→ About this task: Omit the pictures from the listing below and print every remaining entry verbatim.

→ Supplied material:

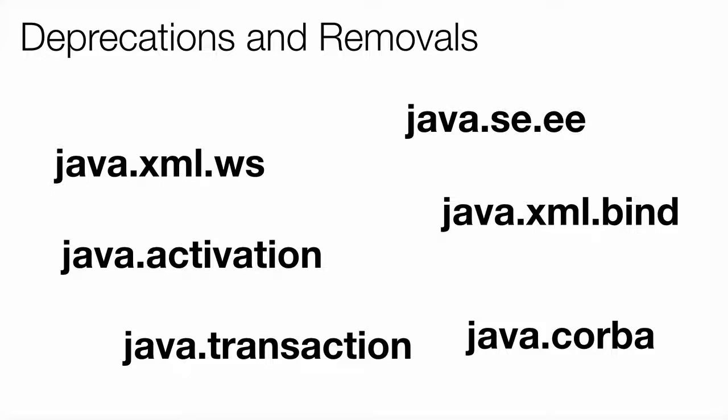For the removals, Java 11 has removed certain packages: java.xml.ws, java.activation, java.transaction, and java.xml.bind. All these packages and classes were part of the JDK earlier on, but starting with Java 11 they are gone. These were deprecated in earlier versions of Java, but now they are completely removed. Your code will not compile if it is using any of these and you are relying on the JDK.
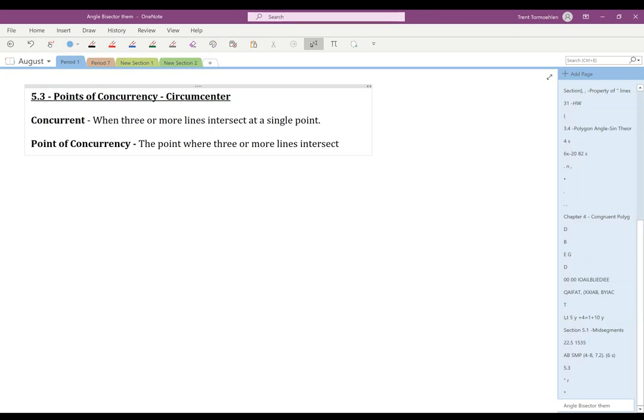In this video, we're talking about points of concurrency inside a triangle. Concurrent means when three or more lines intersect at a single point. In normal language, when we say two things are concurrent, that means they're happening at the same time. Concurrent lines are lines that intersect at the same place, and a point of concurrency is just a point where three or more lines intersect each other.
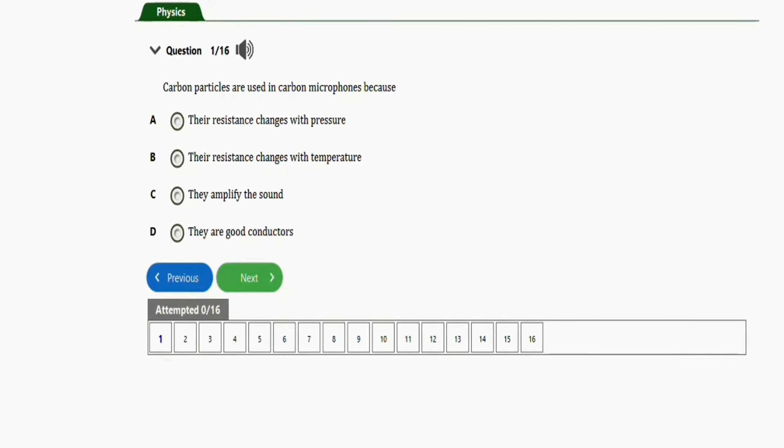In this video we are going to learn how to solve this giant physics exam with equations under magnetic field. We have 14 equations to practice with in this video, so let's get started.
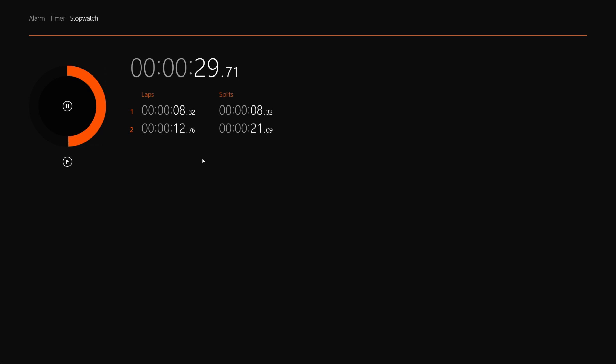But again, totally up to you. Once I hit pause, I have the option of resetting it to the beginning, and there you have your stopwatch. Now this is always going to have the orange theme, so don't worry about it.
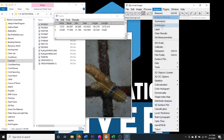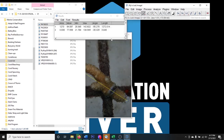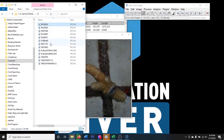When measuring the next coral, ensure you measure along the same axis and set the scale again. If you were using a microscope you could check the Global box when setting scale to apply it to all open photos, since the focal length doesn't change. However, with underwater photographs, every photo will be at a different distance from the object, so we always need to reset the scale.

→ Written response:
For the removals, Java 11 has removed certain packages: java.xml.ws, java.activation, java.transaction, and java.xml.bind. All these packages and classes were part of the JDK earlier on, but starting with Java 11 they are gone. These were deprecated in earlier versions of Java, but now they are completely removed. Your code will not compile if it is using any of these and you are relying on the JDK.
In this video, we're talking about points of concurrency inside a triangle. Concurrent means when three or more lines intersect at a single point. In normal language, when we say two things are concurrent, that means they're happening at the same time. Concurrent lines are lines that intersect at the same place, and a point of concurrency is just a point where three or more lines intersect each other.
In this video we are going to learn how to solve this giant physics exam with equations under magnetic field. We have 14 equations to practice with in this video, so let's get started.
But again, totally up to you. Once I hit pause, I have the option of resetting it to the beginning, and there you have your stopwatch. Now this is always going to have the orange theme, so don't worry about it.
When measuring the next coral, ensure you measure along the same axis and set the scale again. If you were using a microscope you could check the Global box when setting scale to apply it to all open photos, since the focal length doesn't change. However, with underwater photographs, every photo will be at a different distance from the object, so we always need to reset the scale.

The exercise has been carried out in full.